Poisson-Gaussian Noise Reduction for X-Ray Images Based on Local Linear Minimum Mean Square Error Shrinkage in Nonsubsampled Contourlet Transform Domain

Abstract

Noise reduction is important for X-ray images because it can reduce radiation exposure to patients. X-ray image noise has a Poisson-Gaussian distribution, and recently, noise analysis and removal in multiscale transformations have been widely implemented. The nonsubsampled contourlet transform (NSCT) is a multiscale transformation suitable for medical images that separates the scale and direction. This study proposes a Poisson-Gaussian noise-removal method using NSCT shrinkage that is based on the characteristics of Poisson-Gaussian noise in NSCT domain.
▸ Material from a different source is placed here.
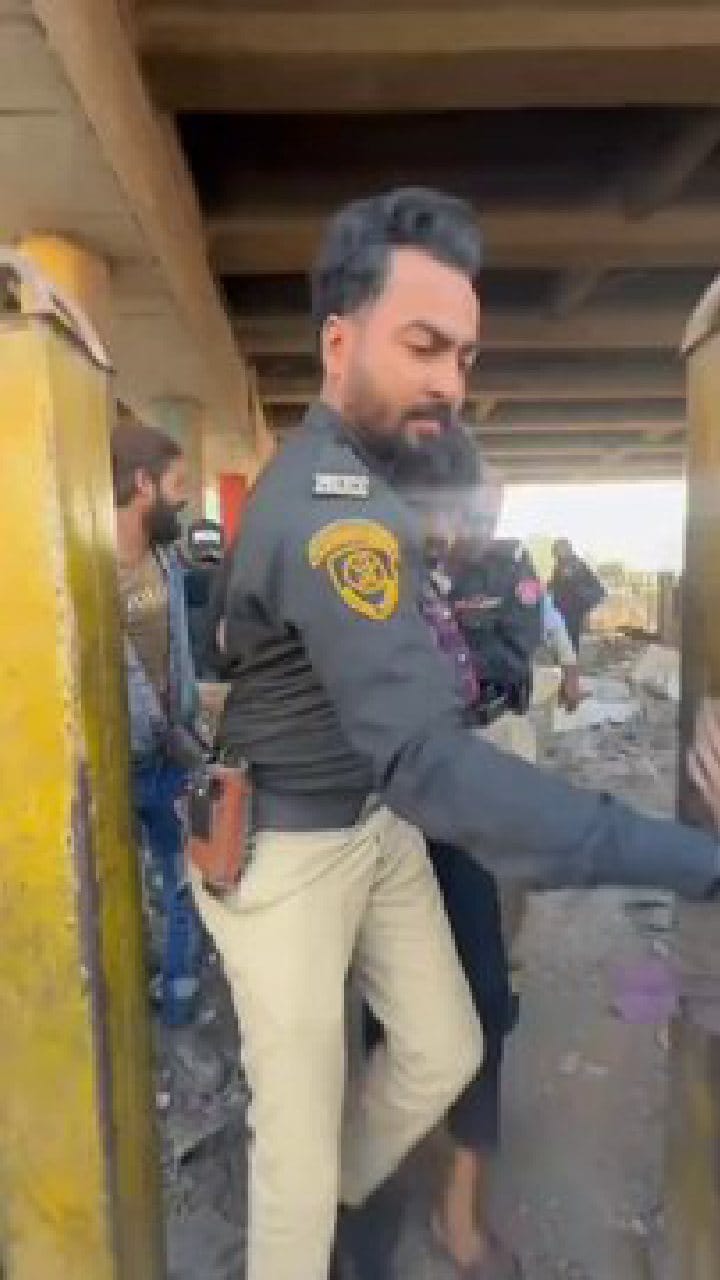 ಭಿಕ್ಷುಕರನ್ನೂ ಭಾರತೀಯ ಗೂಢಚಾರಿಗಳೆಂದು ಎಳೆದುಕೊಂಡು ಹೋದ ಪಾಕ್ ಪೊಲೀಸರು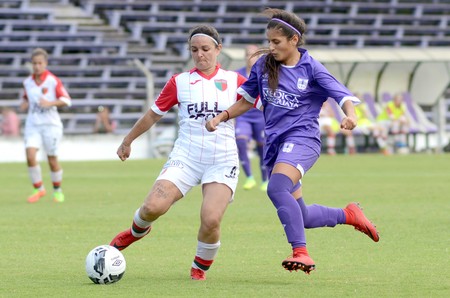 Alejandra Bentancur, de Boston River, y Alejandra Scavino, de Defensor Sporting. · Foto: Pablo Vignali Alejandra Bentancur, de Boston River, y Alejandra Scavino, de Defensor Sporting. · Foto: Pablo Vignali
It has the structure of a block-matching 3D filtering algorithm in the form of basic estimation and noise removal process; however, the main processes are modified to consider Poisson-Gaussian noise characteristics. In the basic estimation process, an NSCT shrinkage method that is suitable for Poisson-Gaussian noise characteristics is developed by optimizing the local linear minimum mean square error estimator in the NSCT domain. In the denoising step, the noise term of the Wiener filter is determined using the result of the NSCT shrinkage, and finally, the denoised image is obtained. The proposed method is applied to simulated and real X-ray images and is compared with other state-of-the-art Poisson-Gaussian noise removal methods; it exhibits excellent results in both quantitative and qualitative aspects.